EXERCISE DATA:
* * *

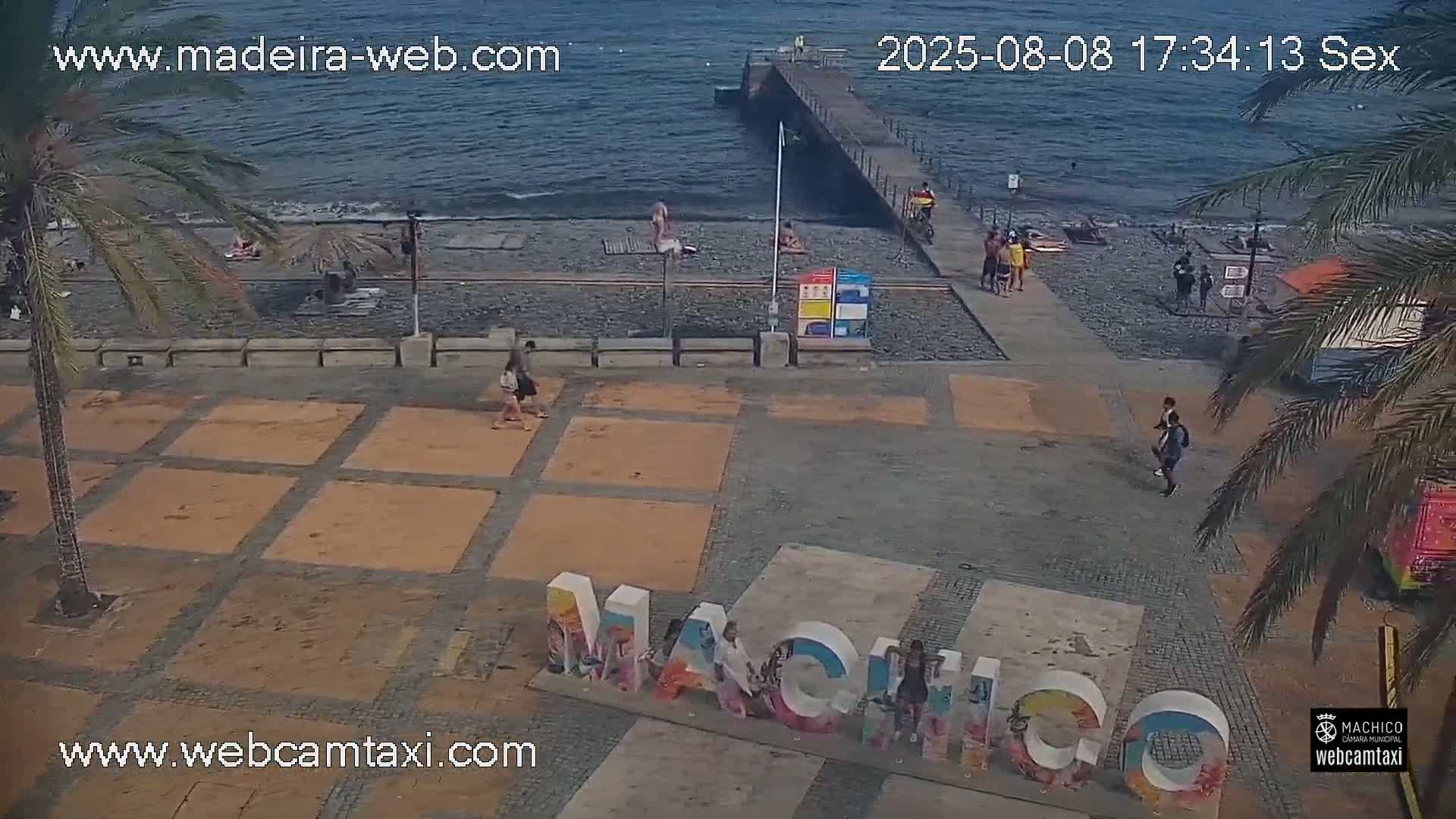 Forum Machico Mall & Machico Beach Live Cam - Machico, Madeira, Portugal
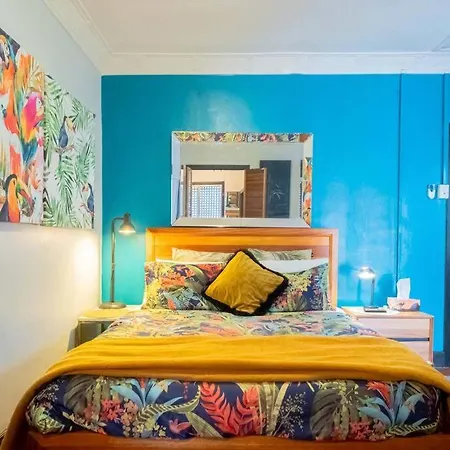 Art Deco Retreat, Shops & Cafes, Public Street Parking Apartment *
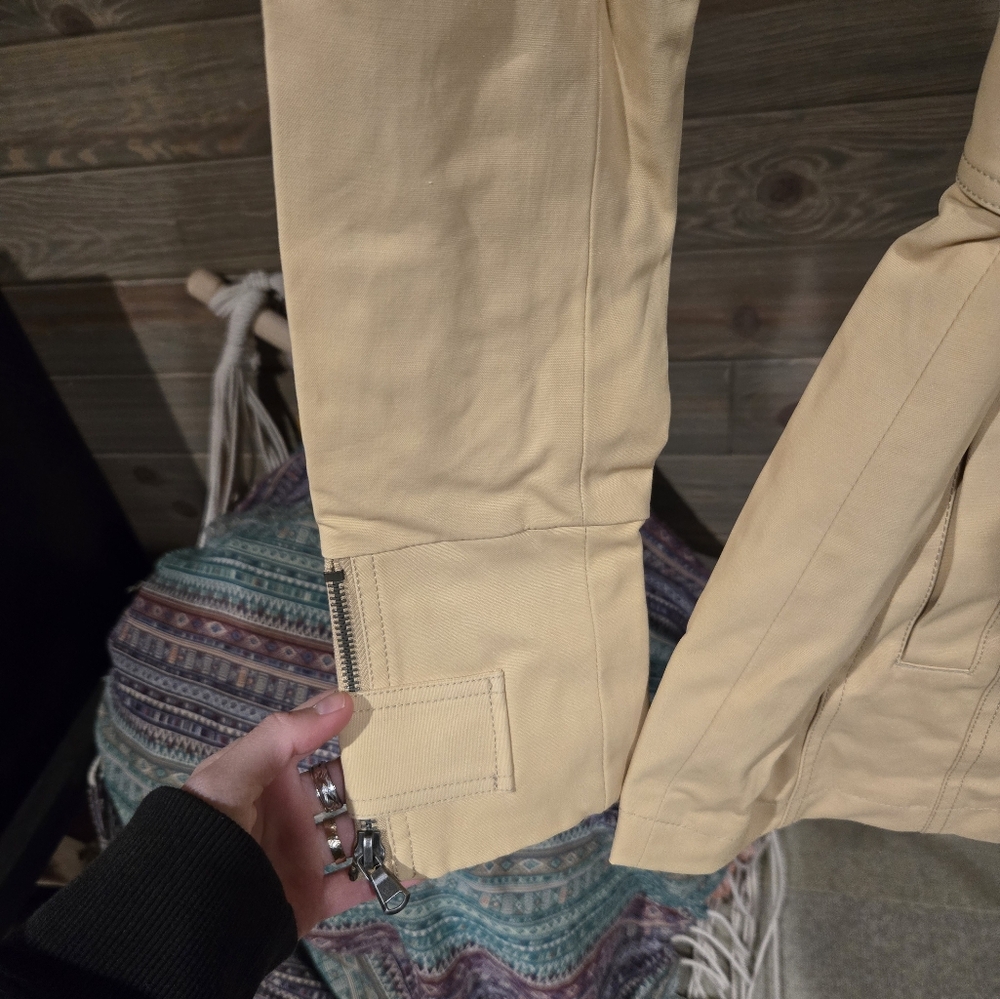 New blanc noir trenchcoat - Picture 3 of 4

* * *

HOW TO COMPLETE THIS TASK: Please retype the material above exactly, and omit its images.

TASK ANSWER:
 Forum Machico Mall & Machico Beach Live Cam - Machico, Madeira, Portugal
 Art Deco Retreat, Shops & Cafes, Public Street Parking Apartment *
 New blanc noir trenchcoat - Picture 3 of 4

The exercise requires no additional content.